Nicole graduated with a Master in Music degree in Composition from The Boston Conservatory where she studied with Marti Epstein and John Murphree, and clarinet with Michael Norsworthy. She received a Bachelor of Music degree from Montclair State University where she double-majored in Music Education and Music Theory & Composition. She studied clarinet with Dennis Smylie and David Singer, and composition with Joshua Groffman, Scott Richards, and Patrick Burns. Currently, Nicole is enrolled in the Master in Music degree in Multiple Woodwind Performance at New Jersey City University where she studies flute, clarinet, saxophone, and bassoon with Mark Thrasher and Andrea Herr.

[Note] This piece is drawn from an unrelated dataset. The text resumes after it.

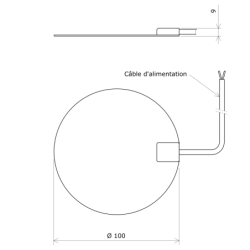 Tissu chauffant silicone circulaire Ø 100 Vulcanic Plan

Stanford Thompson is a musician and educator who serves as the Founder and Executive Director of Play On Philly and founding member of El Sistema USA and the National Instrumentalist Mentoring and Advancement Network. Recognized as a TED Fellow, Stanford believes that music education is a powerful tool for positive personal and community change. Mr. Thompson serves on the faculty of the Global Leaders Program and regularly presents at major universities and music conservatories about leadership, entrepreneurship and social justice. As a consultant, he has guided the development of dozens of music programs across the United States and collaborated with major orchestras, higher education institutions, and arts organizations to develop new strategies and initiatives that help provide equitable access to the arts. As a professional trumpeter, Stanford has performed as a soloist and member with major orchestras around the world and continues to perform throughout the Philadelphia region. Stanford is a native of Atlanta, GA, a graduate of the Atlanta Symphony Orchestra’s Talent Development Program and holds degrees from The Curtis Institute of Music and the New England Conservatory’s Sistema Fellows Program.